I'm pretty darn confident that these AU3 templates will work fine with Art Conductor, though I can't test that because I don't own Art Conductor.


----------



## A.G (May 24, 2020)

Dewdman42 said:


> I'm pretty darn confident that these AU3 templates will work fine with Art Conductor, though I can't test that because I don't own Art Conductor.


Art Conductor is nothing special and you do not need to own it to be able to test.
Art Conductor is a collection of regular Logic Articulations Sets which can be made by any Logic user (including children).


----------



## Dewdman42 (May 24, 2020)

Then it should work!


----------



## A.G (May 24, 2020)

Dewdman42 said:


> Then it should work!


Yes, it should work. It is obvious that the problem is in the OP Orchestral template.

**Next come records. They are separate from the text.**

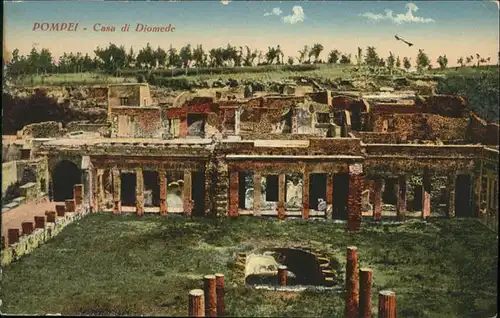 Pompei Casa Diomede /  /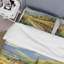 Ensemble de housse de couette en microfibre / polyester Vangogh Sunlit Vineyard II Vangogh-1921939977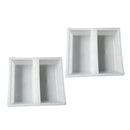 2pcs DIY Walk Maker Concrete Stepping Stone Mold Garden Lawn Pathmate Stone Mold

Amoli, please provide a detail info about your template:
- Is it a former VSL template which uses Environment transformers CC99 to switch the VEP ports?
- Is it a VSL AU3 template?
- Other?

BTW. Screenshots are welcome.


----------



## Ashermusic (May 25, 2020)

I just bought Art Conductor 6.1.2 for Logic Pro and I can verify that with AU 2 or VST in VE Pro 7, it works as expected in Logic Pro X 10.5


----------



## Amoli (May 25, 2020)

I was using the old VSL templates for Logic and it wasn't working.I created a template using the new Beta templates for Logic provided by VSL (AU3) and it seems to work fine. Ashermusic make sure you try the articulations sets with Port 2.


----------



## Dewdman42 (May 25, 2020)

You should use my AU3 template the ones from Vsl have a bug that might creep up. You’ve been warned


----------



## Ashermusic (May 25, 2020)

Amoli said:


> I was using the old VSL templates for Logic and it wasn't working.I created a template using the new Beta templates for Logic provided by VSL (AU3) and it seems to work fine. Ashermusic make sure you try the articulations sets with Port 2.

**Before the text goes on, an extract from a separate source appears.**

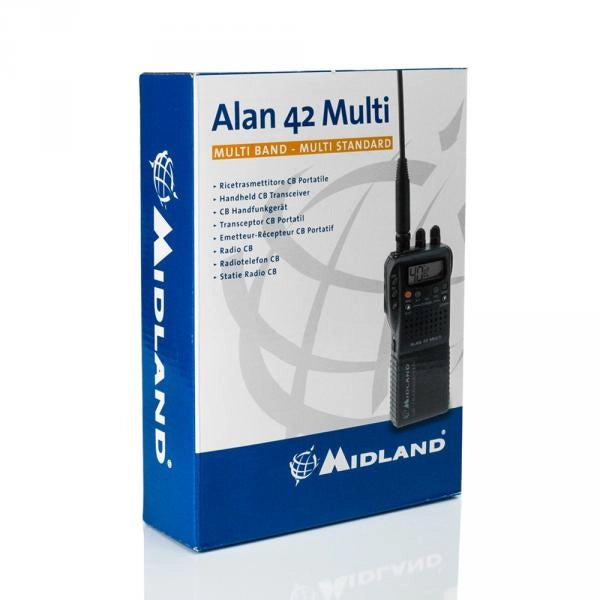 Ricetrasmettitore Midland CB portatile ALAN 42 DS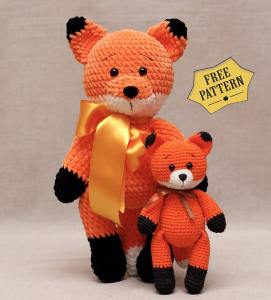 Amigurumi Plush Fox Crochet Free Pattern-3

I am not using AU3 until Apple tells me it fully implemented.


----------



## Amoli (May 25, 2020)

ouuuukey...Thanks!
Any idea how to fix those old VSL templates so my articulations work.I'm totally illiterate with respect to the Logic Environment.


----------



## Amoli (May 25, 2020)

I don't see much difference between the AU2 or AU3 templates if the fundamental problem of having only 32 audio channels per VEpro instance hasn't changed...Am I missing something?


----------



## A.G (May 25, 2020)

Amoli said:


> I don't see much difference between the AU2 or AU3 templates if the fundamental problem of having only 32 audio channels per VEpro instance hasn't changed...Am I missing something?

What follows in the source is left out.